### TASK TO CARRY OUT
Look below and pull out each line with the word "Best".

# # # # #

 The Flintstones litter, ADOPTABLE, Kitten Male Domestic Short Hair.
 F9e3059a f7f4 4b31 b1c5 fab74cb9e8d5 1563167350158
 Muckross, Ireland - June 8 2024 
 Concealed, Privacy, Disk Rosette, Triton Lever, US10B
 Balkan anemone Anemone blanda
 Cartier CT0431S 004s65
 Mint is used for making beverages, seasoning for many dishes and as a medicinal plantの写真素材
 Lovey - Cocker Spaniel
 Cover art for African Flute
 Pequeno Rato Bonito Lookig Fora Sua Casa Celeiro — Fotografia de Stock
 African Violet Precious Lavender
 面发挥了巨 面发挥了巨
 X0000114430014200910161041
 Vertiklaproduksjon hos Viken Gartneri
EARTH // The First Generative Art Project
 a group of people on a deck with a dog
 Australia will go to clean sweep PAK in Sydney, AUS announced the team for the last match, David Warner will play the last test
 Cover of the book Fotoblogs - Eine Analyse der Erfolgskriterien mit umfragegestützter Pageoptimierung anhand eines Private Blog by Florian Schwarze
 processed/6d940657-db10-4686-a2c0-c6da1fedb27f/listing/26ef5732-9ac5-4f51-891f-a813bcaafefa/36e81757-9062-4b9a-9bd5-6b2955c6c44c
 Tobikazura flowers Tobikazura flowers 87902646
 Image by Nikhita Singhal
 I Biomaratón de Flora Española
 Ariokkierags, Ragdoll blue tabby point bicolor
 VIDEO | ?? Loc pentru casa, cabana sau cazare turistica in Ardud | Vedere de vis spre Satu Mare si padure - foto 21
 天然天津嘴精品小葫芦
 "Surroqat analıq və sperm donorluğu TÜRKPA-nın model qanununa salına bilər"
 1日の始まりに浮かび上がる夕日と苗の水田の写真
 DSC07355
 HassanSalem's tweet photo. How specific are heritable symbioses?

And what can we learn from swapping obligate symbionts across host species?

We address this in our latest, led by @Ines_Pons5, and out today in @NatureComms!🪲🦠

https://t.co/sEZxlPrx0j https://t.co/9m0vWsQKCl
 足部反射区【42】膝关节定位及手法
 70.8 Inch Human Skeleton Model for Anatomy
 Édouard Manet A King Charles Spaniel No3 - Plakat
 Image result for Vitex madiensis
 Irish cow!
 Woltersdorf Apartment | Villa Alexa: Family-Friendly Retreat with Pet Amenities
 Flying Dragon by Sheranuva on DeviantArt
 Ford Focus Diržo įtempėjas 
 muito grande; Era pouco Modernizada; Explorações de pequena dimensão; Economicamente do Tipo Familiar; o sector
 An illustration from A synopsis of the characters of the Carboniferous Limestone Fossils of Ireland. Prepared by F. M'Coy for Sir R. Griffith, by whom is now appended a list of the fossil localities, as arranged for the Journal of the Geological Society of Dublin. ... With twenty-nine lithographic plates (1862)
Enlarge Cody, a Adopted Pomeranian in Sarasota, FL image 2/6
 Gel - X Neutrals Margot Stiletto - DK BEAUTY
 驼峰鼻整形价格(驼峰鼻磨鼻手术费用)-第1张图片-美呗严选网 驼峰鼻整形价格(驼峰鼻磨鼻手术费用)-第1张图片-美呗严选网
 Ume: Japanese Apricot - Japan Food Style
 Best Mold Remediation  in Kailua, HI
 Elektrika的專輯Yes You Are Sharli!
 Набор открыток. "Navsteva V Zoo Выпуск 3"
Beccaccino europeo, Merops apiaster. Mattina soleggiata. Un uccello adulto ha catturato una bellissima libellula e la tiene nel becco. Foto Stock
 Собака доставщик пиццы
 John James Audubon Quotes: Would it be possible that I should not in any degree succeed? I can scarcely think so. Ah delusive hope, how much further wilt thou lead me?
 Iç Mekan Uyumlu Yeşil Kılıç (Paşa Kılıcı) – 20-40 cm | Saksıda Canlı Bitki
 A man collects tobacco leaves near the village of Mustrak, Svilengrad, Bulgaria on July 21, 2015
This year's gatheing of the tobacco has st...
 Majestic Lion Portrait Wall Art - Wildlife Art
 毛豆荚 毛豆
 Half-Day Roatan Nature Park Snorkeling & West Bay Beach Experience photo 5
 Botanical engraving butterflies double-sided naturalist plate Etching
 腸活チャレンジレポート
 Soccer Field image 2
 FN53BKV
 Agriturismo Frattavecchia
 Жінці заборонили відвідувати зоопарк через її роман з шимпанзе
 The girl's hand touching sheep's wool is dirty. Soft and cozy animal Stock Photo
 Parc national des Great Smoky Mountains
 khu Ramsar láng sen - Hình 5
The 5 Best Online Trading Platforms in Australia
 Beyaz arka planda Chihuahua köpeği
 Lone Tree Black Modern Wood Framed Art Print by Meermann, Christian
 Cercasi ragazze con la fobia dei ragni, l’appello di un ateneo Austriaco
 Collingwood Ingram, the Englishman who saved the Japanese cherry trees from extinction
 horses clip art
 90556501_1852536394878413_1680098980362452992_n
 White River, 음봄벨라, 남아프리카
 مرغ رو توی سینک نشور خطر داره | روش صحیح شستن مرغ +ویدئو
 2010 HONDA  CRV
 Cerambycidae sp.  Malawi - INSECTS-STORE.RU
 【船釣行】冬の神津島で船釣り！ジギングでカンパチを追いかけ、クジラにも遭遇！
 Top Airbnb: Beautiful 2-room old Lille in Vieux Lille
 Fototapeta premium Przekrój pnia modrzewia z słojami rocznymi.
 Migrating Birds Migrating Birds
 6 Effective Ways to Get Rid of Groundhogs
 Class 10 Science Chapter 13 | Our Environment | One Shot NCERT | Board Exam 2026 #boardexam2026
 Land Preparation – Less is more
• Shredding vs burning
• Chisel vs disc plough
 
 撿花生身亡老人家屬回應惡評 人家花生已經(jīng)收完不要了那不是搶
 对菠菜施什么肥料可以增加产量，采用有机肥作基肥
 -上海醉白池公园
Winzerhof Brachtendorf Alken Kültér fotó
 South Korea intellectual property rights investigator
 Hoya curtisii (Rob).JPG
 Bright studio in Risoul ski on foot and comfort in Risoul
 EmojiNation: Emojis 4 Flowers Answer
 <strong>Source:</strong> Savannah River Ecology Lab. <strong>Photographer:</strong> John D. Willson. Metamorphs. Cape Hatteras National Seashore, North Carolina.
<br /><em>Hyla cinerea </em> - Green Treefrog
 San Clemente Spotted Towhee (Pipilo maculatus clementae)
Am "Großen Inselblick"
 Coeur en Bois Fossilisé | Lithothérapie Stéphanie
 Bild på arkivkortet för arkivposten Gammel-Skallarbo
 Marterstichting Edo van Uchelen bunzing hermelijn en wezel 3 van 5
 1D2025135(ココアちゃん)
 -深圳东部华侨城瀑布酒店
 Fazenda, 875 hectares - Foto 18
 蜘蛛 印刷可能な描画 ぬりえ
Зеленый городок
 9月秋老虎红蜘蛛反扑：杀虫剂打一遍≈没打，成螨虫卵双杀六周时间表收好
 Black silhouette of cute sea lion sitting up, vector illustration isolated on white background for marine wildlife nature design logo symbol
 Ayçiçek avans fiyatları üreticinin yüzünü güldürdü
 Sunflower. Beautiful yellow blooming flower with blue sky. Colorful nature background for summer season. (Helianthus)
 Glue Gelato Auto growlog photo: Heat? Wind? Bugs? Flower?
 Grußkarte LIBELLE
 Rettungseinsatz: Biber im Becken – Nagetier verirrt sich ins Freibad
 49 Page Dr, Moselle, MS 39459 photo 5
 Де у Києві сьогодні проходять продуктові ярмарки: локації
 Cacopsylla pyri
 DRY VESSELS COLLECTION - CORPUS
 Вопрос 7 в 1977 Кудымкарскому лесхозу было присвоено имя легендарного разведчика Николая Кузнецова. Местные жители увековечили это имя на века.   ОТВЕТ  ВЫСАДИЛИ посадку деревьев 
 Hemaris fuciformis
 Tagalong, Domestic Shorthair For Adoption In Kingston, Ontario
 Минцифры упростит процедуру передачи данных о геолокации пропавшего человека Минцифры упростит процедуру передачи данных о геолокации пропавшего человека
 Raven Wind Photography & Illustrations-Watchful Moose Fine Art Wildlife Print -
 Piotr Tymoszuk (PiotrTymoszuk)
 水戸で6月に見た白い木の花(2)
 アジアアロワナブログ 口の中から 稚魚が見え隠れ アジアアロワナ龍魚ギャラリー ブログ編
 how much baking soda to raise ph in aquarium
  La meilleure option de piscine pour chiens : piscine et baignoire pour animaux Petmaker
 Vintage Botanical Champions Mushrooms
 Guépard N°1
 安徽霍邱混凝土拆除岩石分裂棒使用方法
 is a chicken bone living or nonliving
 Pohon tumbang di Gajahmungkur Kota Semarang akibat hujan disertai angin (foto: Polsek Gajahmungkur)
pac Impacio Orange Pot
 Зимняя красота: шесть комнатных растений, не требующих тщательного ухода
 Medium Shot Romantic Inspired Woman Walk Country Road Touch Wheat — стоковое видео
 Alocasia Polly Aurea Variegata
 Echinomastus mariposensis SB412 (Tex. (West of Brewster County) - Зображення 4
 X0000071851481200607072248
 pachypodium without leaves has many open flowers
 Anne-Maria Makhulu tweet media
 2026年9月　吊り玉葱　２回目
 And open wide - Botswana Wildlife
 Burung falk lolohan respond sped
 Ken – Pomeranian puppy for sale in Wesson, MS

# # # # #

### PROBLEM SOLUTION
 Best Mold Remediation  in Kailua, HI
The 5 Best Online Trading Platforms in Australia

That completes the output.